Title: Designing for epistemological-relational entanglements in STEM education

Abstract: The “practice turn” in K-12 science education, codified in the Next Generation Science Standards (NGSS), calls for increased student involvement in figuring out key science ideas through participation in science practices. Participating in these practices requires students’ intellectual involvement in developing explanatory science ideas, particularly through talk and interaction. However, while both science education research and professional learning efforts have emphasized the epistemic dimension of students’ participation, the relational nature of these knowledge-building interactions has been underexamined. At the same time, broader educational theories that emphasize the central role of relationality with and among students for learning remain largely absent from the science education literature.

In this talk, I describe a trajectory of research that aims to articulate a science-specific version of striving for relationality in teaching. I first present a collection of paradigmatic case studies from video recordings of middle school classroom interactions that, when taken together, make visible how students’ and teachers’ attention to relational cues is deeply entangled with the support of students’ epistemologies in practice.
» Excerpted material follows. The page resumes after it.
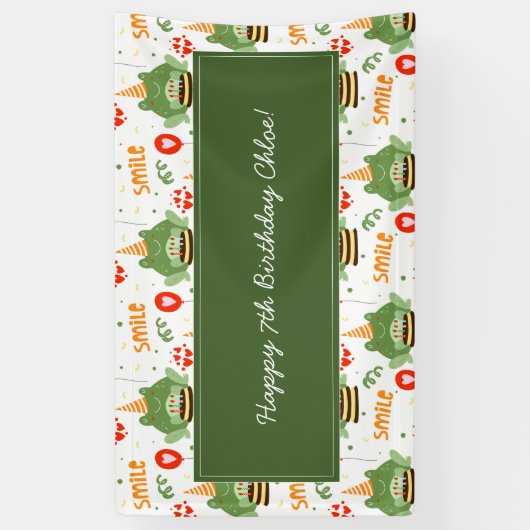 Cute Frog Pattern Smile Text Happy Birthday w Name Spandoek (Verticaal)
I then present a series of findings from a design-based research study aiming to align the structural messaging of the features of large undergraduate physics lecture courses to support relationality and productive physics epistemologies in contexts with relatively low instructor interaction. I discuss the implications of these lines of work for supporting science teaching and learning across K-12 and undergraduate contexts.

Bio: Dr. Krist is an Associate Professor of science education in the Graduate School of Education at Stanford University. Her work focuses on supporting meaningful student participation in science practices, teacher professional learning, designing for more humanizing forms of science learning. Her current projects focus on bringing together various configurations of community organizations, teachers, families, and scientists to develop science learning experiences that promote communities’ visions for thriving. She received her PhD in Learning Sciences from Northwestern University in 2016 and was a postdoctoral scholar at the University of Maryland from 2016-2017 before joining the faculty at the University of Illinois Urbana-Champaign from 2017-2024. Her early career work has been supported by an NAEd/Spencer Postdoctoral Fellowship as well as grants from the National Science Foundation and the National Institutes of Health. She was recently recognized with NARST’s 2024 Early Career Research Award.